How watching friends bounce off Balatro led me to design a daily poker roguelike built around accessibility, competitive seeds, and the feeling of 'just one more run.'

The Problem Was at the Kitchen Table

I was deep into Balatro. Couldn’t put it down. So naturally I tried to get everyone around me hooked too. Friends, family, anyone who’d listen. And they’d try it. They’d play a round or two. Then they’d put it down and never pick it up again.

The feedback was always some version of the same thing: “I don’t get it.” They didn’t know poker hands. The Joker synergies felt overwhelming. The scoring math was opaque. Balatro is a masterpiece, but it’s a masterpiece that assumes you already speak its language.

That gap between how brilliant Balatro is and how many people will never experience it? That’s where Motley started.

The Core Idea: Same Seed, Every Player, Every Day

I didn’t want to make a dumbed-down Balatro. I wanted to take the part that hooked me, the optimization puzzle, the “what if I’d done that differently” feeling, and rebuild the wrapper around it so more people could get there.

The daily seed was the answer. Every 24 hours, every player in the world gets dealt the exact same run. Same deck, same shop offerings, same bosses. The only variable is you.

Motley's Joker shop and synergy system

This does two things at once:

It lowers the barrier. You’re not learning a complex system in isolation. You’re competing. Competition is inherently motivating even before you understand every mechanic. You don’t need to know why a Joker combo works to see that someone scored 40,000 more points than you with the same cards. That gap is the hook. That gap makes you want to understand.

It creates the “one more run” loop. This was the design problem I cared about most. The daily seed means you can’t just grind infinite runs hoping for a lucky draw. You get one seed. But that constraint is what makes it compelling. “If I had rerolled the shop two more times, could I have beaten the top score today?” You know the answer exists because someone on the leaderboard already found it.

Balancing by Feel

I didn’t balance Motley with spreadsheets. I balanced it with feel.

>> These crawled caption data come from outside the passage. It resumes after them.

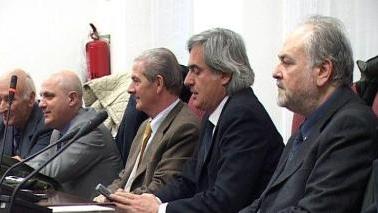 <b>TAGLI.</b> Una riunione dei sindaci con i vertici dell’Asl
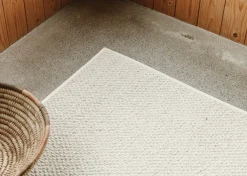 VM Carpet villa-paperinarumatto Hehku 69 valkoinen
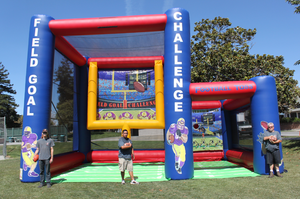 Juego Comercial Inflable de Fútbol Americano: Desafío de Tiros <span class=keywords><strong>a</strong></span> Porterí<span class=keywords><strong>a</strong></span> y Lanzamientos - Product Image 2
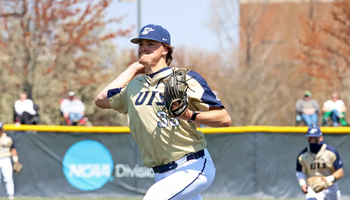 Ben Benoit pitching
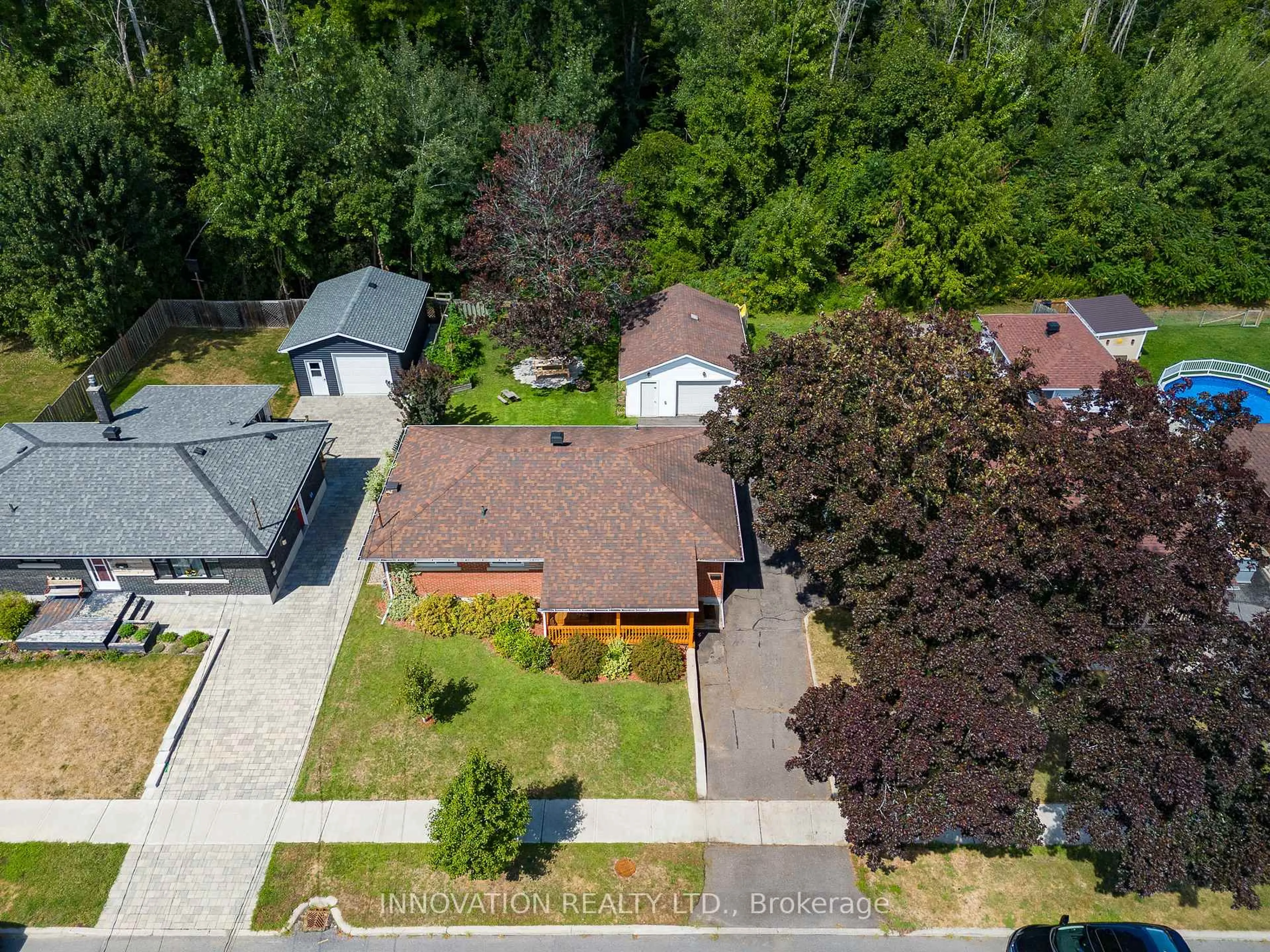 A pic from outside/outdoor area/front of a property/back of a property/a pic from drone, street for 1407 Charles St, Cornwall Ontario K6J 1Y9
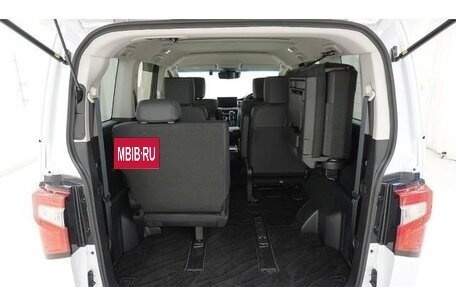 Mitsubishi Delica D:5 I, 2025 год, 4 215 000 рублей, 12 фотография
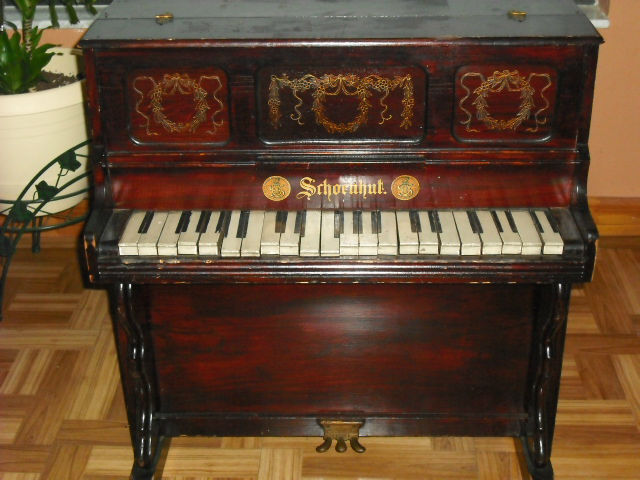 history of toy pianos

The core question was always: does this feel like I could play two more times and really optimize? If a run felt solved on the first attempt, the ceiling was too low. If the top score felt unreachable, the floor was too high. The sweet spot is when you finish a run, see someone above you on the leaderboard, and genuinely believe there’s a path you missed.

That belief that there’s another way? That’s the engine of retention.

Boss Blind encounter with scoring restrictions

User-submitted feedback drove most of the tuning. I’d watch how people played, where they stopped, what made them come back. The Joker balance, the shop pricing, the boss restrictions, all of it was iterated based on whether players felt that pull to try again, not whether the math was theoretically optimal.

The Leaderboard as a Design Tool

Most games treat leaderboards as a feature. In Motley, the leaderboard is a design tool.

When you finish your run and see that someone scored higher with the same seed, it communicates something no tutorial could: there was a better path. You don’t need to understand the scoring system abstractly. The leaderboard proves empirically that a better strategy exists. It turns every daily seed into a puzzle with a known-solvable ceiling.

Daily global leaderboard showing competitive scores

This also created organic difficulty scaling. New players compete against themselves. Experienced players compete against the board. The same seed serves both audiences without any adaptive difficulty code.

What I’d Do Differently

I underestimated how much the shop economy matters to feel. Early versions had shop pricing that was technically balanced but didn’t feel generous enough. Players need to feel like the shop is offering them opportunities, not taxing them. Making rerolls cheap enough that “just one more reroll” feels like a reasonable gamble ended up being more important than any Joker balance.

The Takeaway

Motley exists because I watched people I care about bounce off a game I love. The design isn’t about simplification. It’s about finding a different door into the same room. Daily seeds, social leaderboards, and mobile-native session lengths aren’t compromises. They’re the design.

The best compliment I’ve gotten about Motley isn’t a review or a rating. It’s my wife texting me her daily score.